Friday, December 5, 2014

Pakistan: imran Niazi - The Teflon Man

By Najam Sethi 
Imran Khan’s “dharna” to oust Nawaz Sharif has taken so many twists and turns that it is difficult to predict his next moves. Is it all pre-planned? Or is he desperately trying to keep his political prospects alive by hook or by crook?
Once upon a time, Imran Khan lauded CJP Iftikhar Mohammad Chaudhry to the skies when the Supreme Court was going hammer and tongs against the NRO, when it sacked a sitting prime minister, and when it drummed up Memogate. But when the same CJP refused to entertain Khan’s petition against “electoral rigging”, he accused him of being the “chief culprit who rigged the 2013 elections”.

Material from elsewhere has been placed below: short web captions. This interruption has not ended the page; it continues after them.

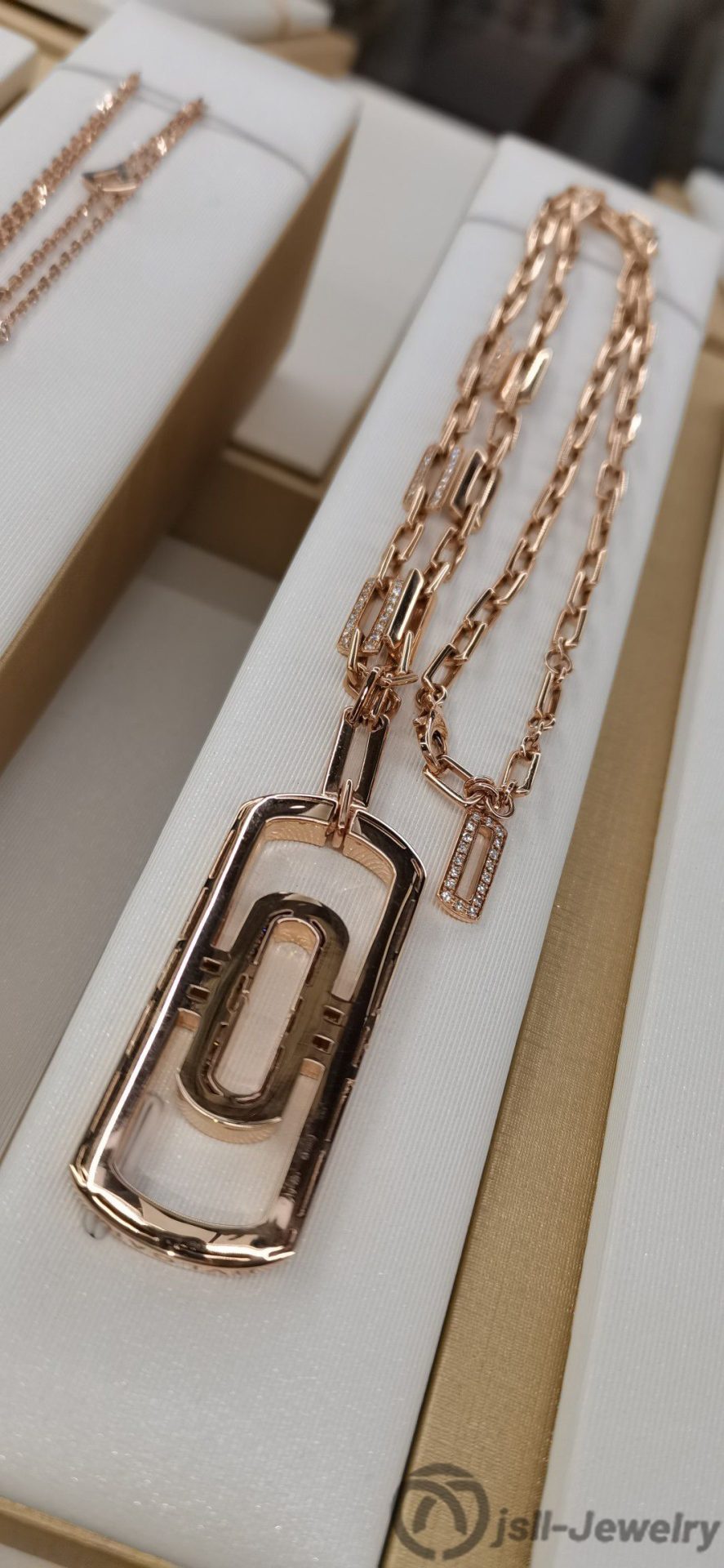 Jsll-Jewelry | 18K rose gold with diamonds, paper clip necklace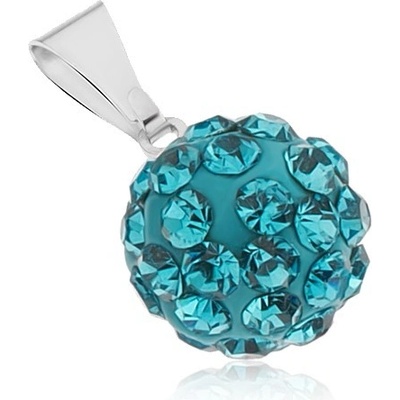 Šperky eshop Ocelový přívěsek Shamballa kulička se zirkony tyrkysové barvy 12 mm SP38.13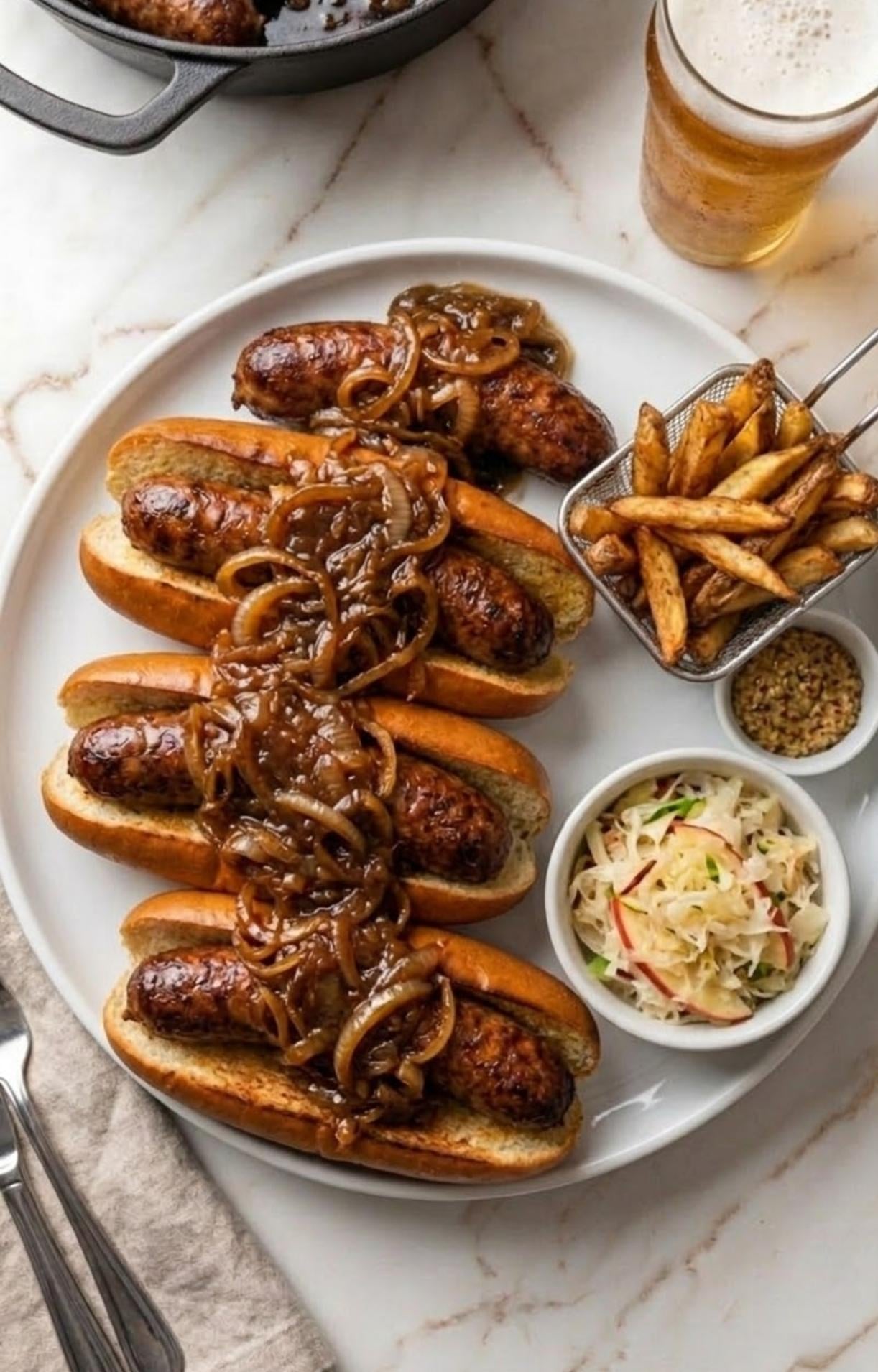 A white plate holding four beer brats in toasted buns topped with caramelized onions, served with a side of French fries and apple coleslaw.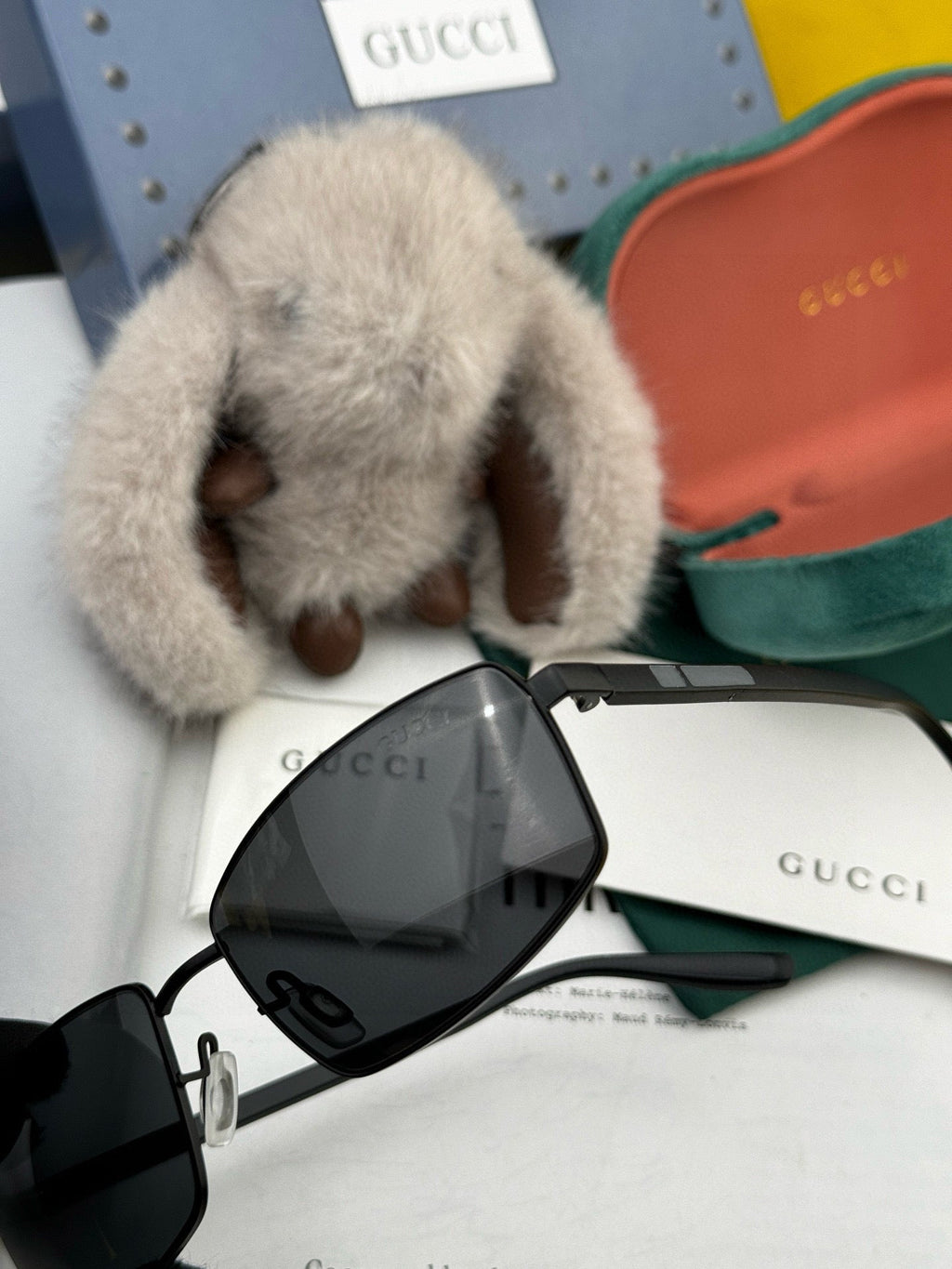 GUCCI RECTANGULAR FRAME SUNGLASSES G51806 IN METAL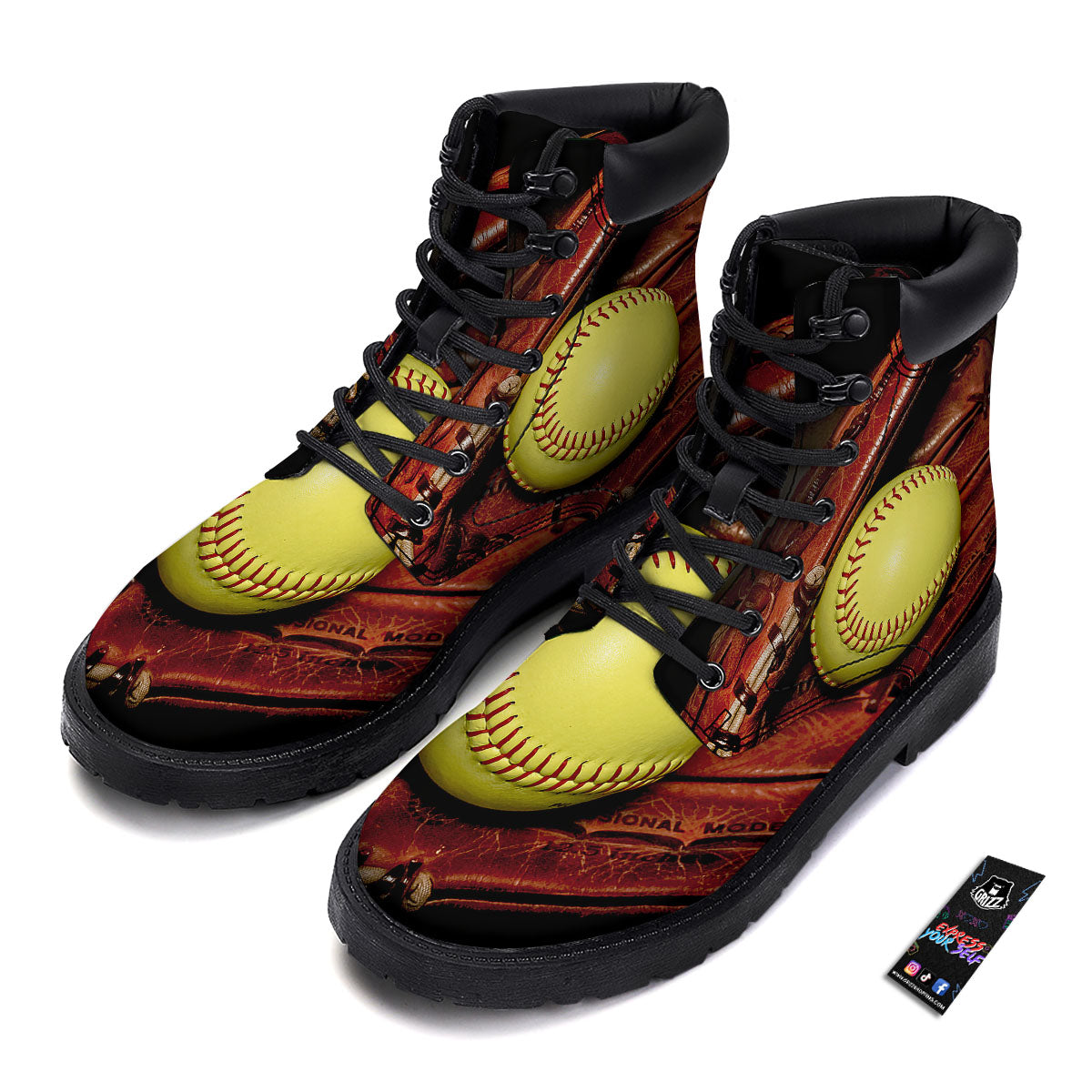 Softball Yellow Print Boots-grizzshop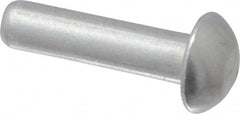 RivetKing - 1/8" Body Diam, Round Uncoated Aluminum Solid Rivet - 1/2" Length Under Head, Grade 1100F - Exact Tooling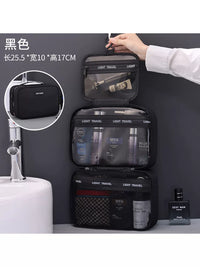 Men's Portable Travel Toiletry Bag Waterproof Hanging Large Capacity Skincare Organizer with Transparent Compartments
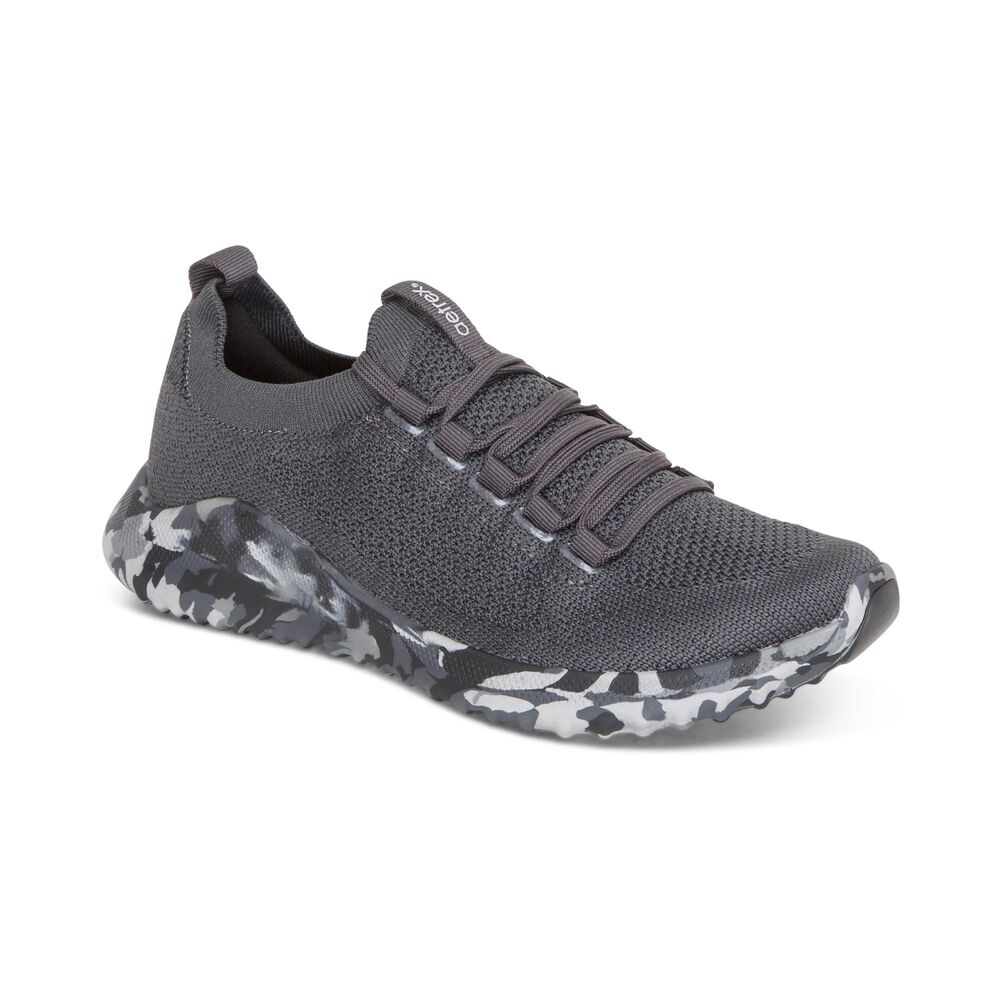 Aetrex Women's Carly Arch Support Sneakers - Charcoal | USA RU0S71V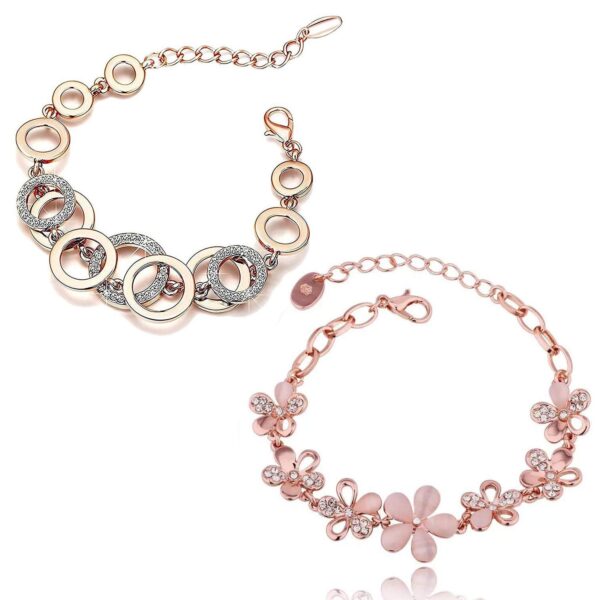 Shining Diva Fashion Latest Collection Gold Plated Combo of 2 Bracelet for Women and Girls (Rose - Image 2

Once upon a time, Imran showered GEO with unstinting praise as the most outstanding TV channel in the country because GEO was giving him nearly 20% of all air-talk time, helping him raise funds for flood-affected people, and generally building him up as the great white hope of Pakistan. However, when GEO felt obliged to balance its coverage and critique, he accused it of kowtowing to Nawaz Sharif and committing treason.
Once upon a time, Imran Khan went to London to file criminal charges against the MQM’s Altaf Hussain. Then he accused Altaf of rigging the 2013 elections in Karachi. But recently he has been sugar and honey because he doesn’t want the MQM to disrupt or deny his dharnas in Karachi.
Once upon a time Imran praised the caretaker chief minister of Punjab for conducting the most neutral administration in the country. Now he is accusing him of applying “35 punctures” to PMLN’s losing seats.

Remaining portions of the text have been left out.